Dynamical characterization of topological phases beyond the minimal models

TL;DR

This paper extends the dynamical characterization of topological phases to more complex layered systems with Hamiltonians that do not satisfy Clifford algebra, revealing new behaviors in quantum quench dynamics.

Contribution

It introduces a method to analyze topological phases beyond minimal models, focusing on layered systems with non-Clifford Hamiltonians.

Findings

Anti-commuting terms determine common band-inversion surfaces.
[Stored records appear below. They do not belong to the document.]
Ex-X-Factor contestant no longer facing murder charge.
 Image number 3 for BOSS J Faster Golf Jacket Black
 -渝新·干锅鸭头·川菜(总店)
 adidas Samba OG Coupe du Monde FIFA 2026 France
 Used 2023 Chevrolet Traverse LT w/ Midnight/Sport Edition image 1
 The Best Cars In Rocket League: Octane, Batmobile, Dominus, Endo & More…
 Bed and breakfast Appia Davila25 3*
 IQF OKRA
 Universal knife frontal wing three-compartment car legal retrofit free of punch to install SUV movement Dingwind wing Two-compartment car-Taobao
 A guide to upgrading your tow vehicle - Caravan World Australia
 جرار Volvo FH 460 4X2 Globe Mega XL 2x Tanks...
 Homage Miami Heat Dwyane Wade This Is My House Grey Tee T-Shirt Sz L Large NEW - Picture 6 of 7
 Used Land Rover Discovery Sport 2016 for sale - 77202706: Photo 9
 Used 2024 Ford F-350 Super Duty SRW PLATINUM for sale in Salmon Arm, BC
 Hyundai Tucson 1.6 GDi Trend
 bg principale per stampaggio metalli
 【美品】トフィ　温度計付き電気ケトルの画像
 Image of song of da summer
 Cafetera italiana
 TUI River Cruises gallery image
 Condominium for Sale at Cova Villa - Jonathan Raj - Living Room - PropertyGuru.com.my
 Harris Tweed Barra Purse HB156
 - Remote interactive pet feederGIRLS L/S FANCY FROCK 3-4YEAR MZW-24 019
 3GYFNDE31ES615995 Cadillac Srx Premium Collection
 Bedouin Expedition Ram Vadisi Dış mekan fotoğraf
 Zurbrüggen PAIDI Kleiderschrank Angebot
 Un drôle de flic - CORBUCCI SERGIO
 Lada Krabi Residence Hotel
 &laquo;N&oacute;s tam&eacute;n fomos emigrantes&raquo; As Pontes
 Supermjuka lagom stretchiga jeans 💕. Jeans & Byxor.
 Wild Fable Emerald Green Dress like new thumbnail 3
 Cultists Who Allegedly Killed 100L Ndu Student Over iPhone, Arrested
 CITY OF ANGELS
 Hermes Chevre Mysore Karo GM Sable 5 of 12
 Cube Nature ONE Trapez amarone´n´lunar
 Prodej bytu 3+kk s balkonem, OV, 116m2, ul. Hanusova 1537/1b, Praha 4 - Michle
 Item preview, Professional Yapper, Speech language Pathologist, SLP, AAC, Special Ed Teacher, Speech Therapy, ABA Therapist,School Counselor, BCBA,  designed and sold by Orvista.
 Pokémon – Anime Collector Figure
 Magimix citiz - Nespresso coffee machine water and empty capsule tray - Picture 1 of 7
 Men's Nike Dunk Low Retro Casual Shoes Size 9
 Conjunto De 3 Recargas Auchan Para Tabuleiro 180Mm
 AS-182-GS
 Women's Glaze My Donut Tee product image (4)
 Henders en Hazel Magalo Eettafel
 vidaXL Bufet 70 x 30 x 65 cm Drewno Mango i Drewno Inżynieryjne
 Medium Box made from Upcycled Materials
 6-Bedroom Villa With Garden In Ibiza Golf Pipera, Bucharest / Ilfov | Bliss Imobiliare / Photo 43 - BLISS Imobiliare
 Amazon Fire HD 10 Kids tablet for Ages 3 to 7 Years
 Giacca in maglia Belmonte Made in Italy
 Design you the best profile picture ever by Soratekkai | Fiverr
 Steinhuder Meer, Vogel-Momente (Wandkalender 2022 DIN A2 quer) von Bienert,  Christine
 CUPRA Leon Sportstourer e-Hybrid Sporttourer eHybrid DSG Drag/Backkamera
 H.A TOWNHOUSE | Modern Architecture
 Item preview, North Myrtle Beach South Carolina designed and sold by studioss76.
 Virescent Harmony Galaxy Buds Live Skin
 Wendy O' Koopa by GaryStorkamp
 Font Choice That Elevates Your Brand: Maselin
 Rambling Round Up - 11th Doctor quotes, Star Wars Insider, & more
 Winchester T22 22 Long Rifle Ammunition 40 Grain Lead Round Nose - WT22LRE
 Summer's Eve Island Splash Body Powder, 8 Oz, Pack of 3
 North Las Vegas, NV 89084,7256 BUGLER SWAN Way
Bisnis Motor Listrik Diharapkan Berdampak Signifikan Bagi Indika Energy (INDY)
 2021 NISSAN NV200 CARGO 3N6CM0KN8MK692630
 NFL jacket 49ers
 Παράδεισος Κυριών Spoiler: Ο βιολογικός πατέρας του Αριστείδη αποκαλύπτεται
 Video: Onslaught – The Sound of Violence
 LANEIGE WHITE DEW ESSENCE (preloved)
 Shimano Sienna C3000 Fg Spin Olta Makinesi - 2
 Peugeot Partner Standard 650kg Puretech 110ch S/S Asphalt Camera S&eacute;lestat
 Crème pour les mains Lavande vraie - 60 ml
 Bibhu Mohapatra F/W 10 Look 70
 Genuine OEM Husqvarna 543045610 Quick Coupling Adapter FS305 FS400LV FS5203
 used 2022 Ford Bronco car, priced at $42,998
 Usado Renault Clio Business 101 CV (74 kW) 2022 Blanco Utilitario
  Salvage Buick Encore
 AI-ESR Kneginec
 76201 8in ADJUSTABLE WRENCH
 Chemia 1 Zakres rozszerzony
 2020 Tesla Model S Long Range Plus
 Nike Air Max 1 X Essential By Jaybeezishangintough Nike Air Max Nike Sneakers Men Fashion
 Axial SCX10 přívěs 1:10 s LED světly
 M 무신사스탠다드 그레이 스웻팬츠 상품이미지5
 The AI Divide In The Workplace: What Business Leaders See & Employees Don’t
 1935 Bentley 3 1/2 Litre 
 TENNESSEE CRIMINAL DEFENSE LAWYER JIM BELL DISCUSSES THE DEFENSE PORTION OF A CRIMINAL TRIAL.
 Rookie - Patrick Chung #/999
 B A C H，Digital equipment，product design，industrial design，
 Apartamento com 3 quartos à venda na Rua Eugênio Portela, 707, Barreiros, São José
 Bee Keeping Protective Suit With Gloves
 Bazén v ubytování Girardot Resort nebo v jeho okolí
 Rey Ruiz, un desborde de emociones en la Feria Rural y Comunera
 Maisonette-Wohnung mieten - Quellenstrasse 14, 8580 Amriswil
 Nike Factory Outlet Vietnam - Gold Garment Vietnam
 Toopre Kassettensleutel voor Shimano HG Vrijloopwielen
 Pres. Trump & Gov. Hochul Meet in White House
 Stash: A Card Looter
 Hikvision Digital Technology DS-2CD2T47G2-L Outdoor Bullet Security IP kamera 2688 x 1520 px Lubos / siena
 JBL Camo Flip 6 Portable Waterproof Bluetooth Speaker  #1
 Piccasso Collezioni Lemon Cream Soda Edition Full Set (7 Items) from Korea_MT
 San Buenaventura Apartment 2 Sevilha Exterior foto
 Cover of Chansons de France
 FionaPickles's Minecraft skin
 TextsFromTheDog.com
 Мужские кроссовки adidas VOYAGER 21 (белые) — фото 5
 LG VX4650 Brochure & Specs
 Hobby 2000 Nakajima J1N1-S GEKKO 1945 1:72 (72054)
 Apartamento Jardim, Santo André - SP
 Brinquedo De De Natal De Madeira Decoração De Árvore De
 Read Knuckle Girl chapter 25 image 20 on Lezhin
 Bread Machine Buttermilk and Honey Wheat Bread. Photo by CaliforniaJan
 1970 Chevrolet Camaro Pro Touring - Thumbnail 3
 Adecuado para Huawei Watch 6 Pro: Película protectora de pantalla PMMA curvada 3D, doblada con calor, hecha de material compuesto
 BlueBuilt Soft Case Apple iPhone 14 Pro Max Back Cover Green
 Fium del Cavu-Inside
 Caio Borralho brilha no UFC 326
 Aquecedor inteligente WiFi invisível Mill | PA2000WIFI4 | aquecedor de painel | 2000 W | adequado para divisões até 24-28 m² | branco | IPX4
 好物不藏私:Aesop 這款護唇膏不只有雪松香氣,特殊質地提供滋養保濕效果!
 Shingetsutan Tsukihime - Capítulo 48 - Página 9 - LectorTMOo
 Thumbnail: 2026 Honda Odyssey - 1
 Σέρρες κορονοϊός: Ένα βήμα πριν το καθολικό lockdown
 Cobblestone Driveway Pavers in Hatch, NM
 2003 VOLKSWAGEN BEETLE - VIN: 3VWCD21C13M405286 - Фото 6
Topological control is possible through these surfaces.

Behavior varies for non-anti-commuting terms, requiring case-by-case analysis.

Abstract

Dynamical characterization of topological phases under quantum quench dynamics has been demonstrated as a powerful and efficient tool. Previous studies have been focused on systems of which the Hamiltonian consists of matrices that commute with each other and satisfy Clifford algebra. In this work, we consider the characterization of topological phases with Hamiltonians that are beyond the minimal model. Specifically, the quantum quench dynamics of two types of layered systems is studied, of which the consisting matrices of Hamiltonians do not all satisfy Clifford algebra. We find that the terms which anti-commute with others can hold common band-inversion surfaces, which controls the topology of all the bands, but for other terms, there is no universal behavior and need to be treated case by case.